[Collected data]
════
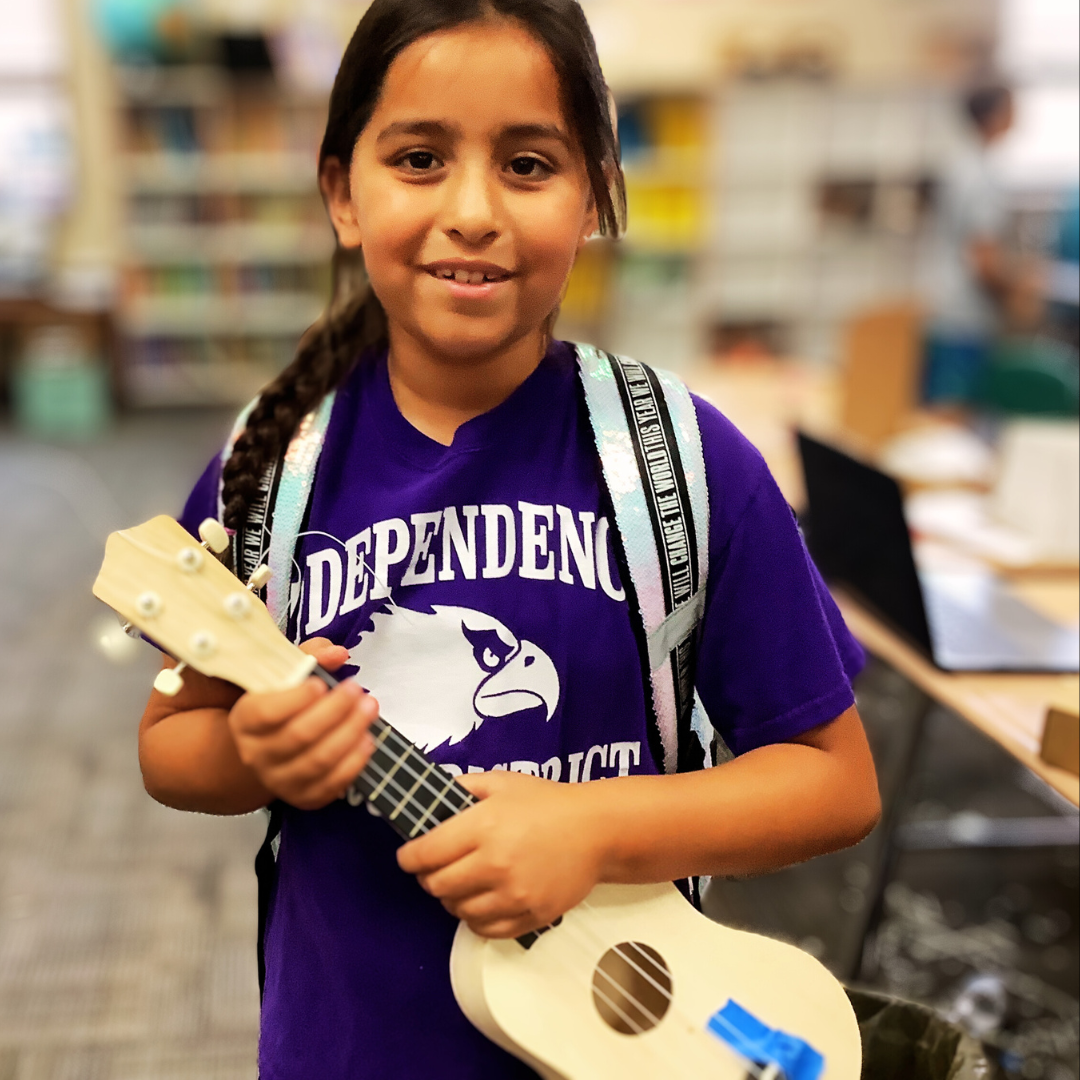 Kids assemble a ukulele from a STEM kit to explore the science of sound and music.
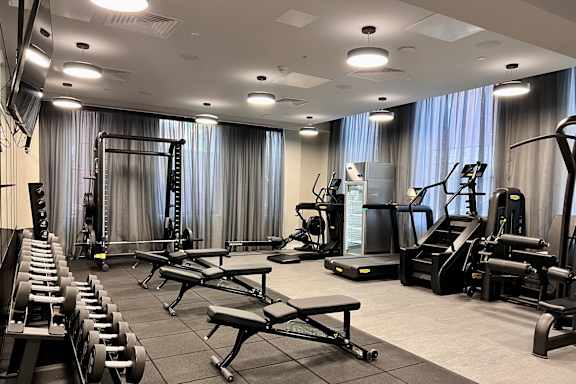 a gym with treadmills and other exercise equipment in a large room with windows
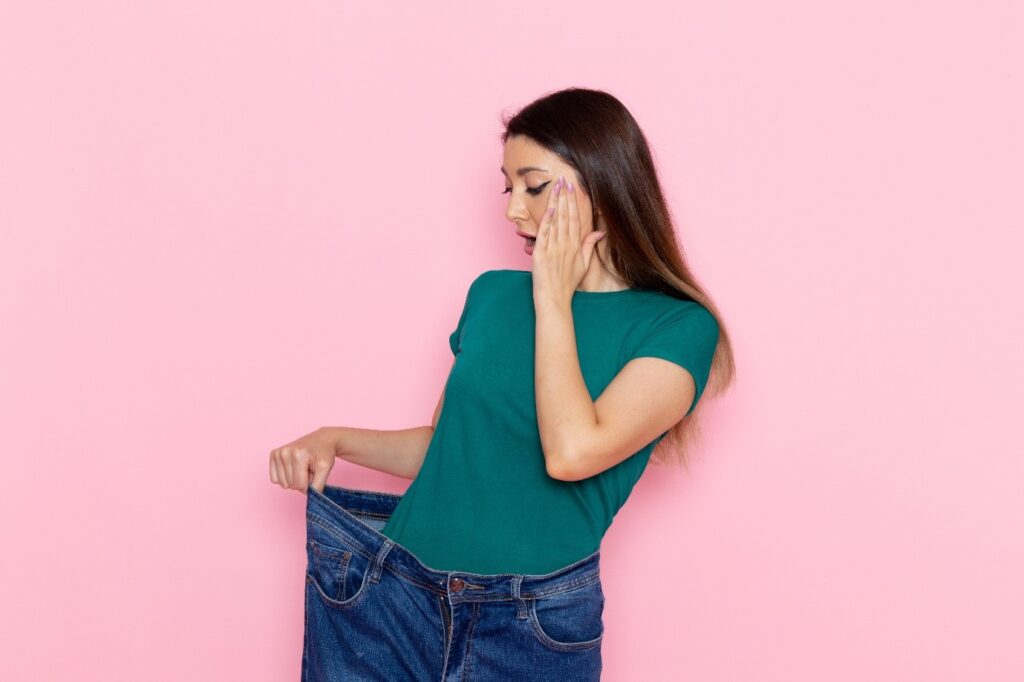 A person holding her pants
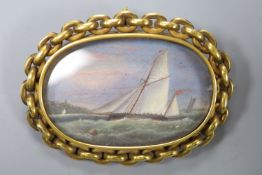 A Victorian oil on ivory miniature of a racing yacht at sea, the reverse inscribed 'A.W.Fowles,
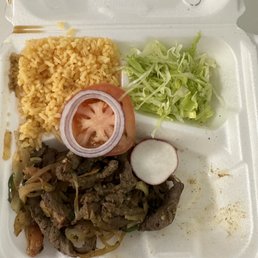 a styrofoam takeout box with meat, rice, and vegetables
════
■ **Your task**:
Set down again, exactly, the lines from the one with "A Victorian oil" to the last line of the data, both included and pictures excluded.

■ **Finished exercise**:
 A Victorian oil on ivory miniature of a racing yacht at sea, the reverse inscribed 'A.W.Fowles,
 a styrofoam takeout box with meat, rice, and vegetables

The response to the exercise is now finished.